About the Treatments
Family and Couple Therapies
Techniques of Family Therapy: Systems (Contextual) Theory
One assumption of this framework is that “environment does not simply create experience; people also create their own environment in a changing world”. This means that humans are active contributors of their own development, that is, individuals play an active role in their own development.

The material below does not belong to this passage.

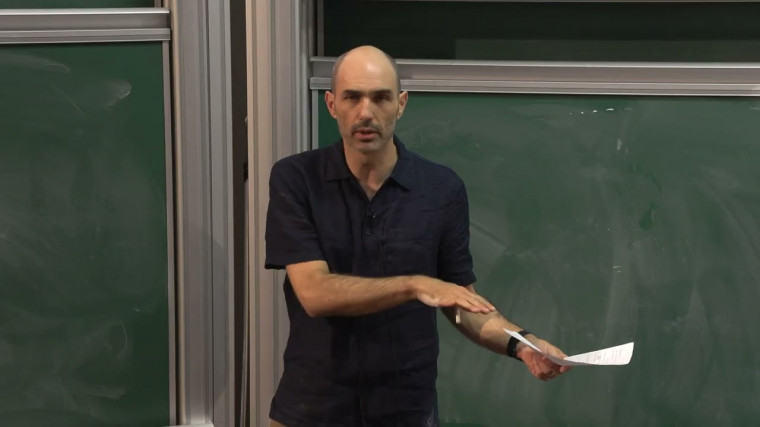 EFT of Open Systems : Open Gauge Theories and Cosmological Goldstone Modes (3/4)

People construct what they know on the basis of their perceptions of relations between their actions and events, and not simply the events themselves; their previous belief systems; and the meaning that these events hold for their own well-being.
For example, children with different temperamental attributes, emotional states, psychological adjustment, or experiential histories formulate very different appraisals and interpretations of identical interpersonal situations, for example, the same marital conflict scenario.
That said, an example involving an acorn that’s dropped onto a forest floor which will meet its needs for growth into a pine tree if, and only if, the biological makeup of the acorn has sufficient health to grow with the sustenance that seems plentiful.
Used in assessment and treatment of a family of individuals by determining first how needs are met in the dyads, and then how the family functions as a whole. Below is a hypothetical example of family therapy using the constructs of need assessment and interaction of a family of four. Although simplistic, the following example demonstrates the elements of system theory and its use in family therapy.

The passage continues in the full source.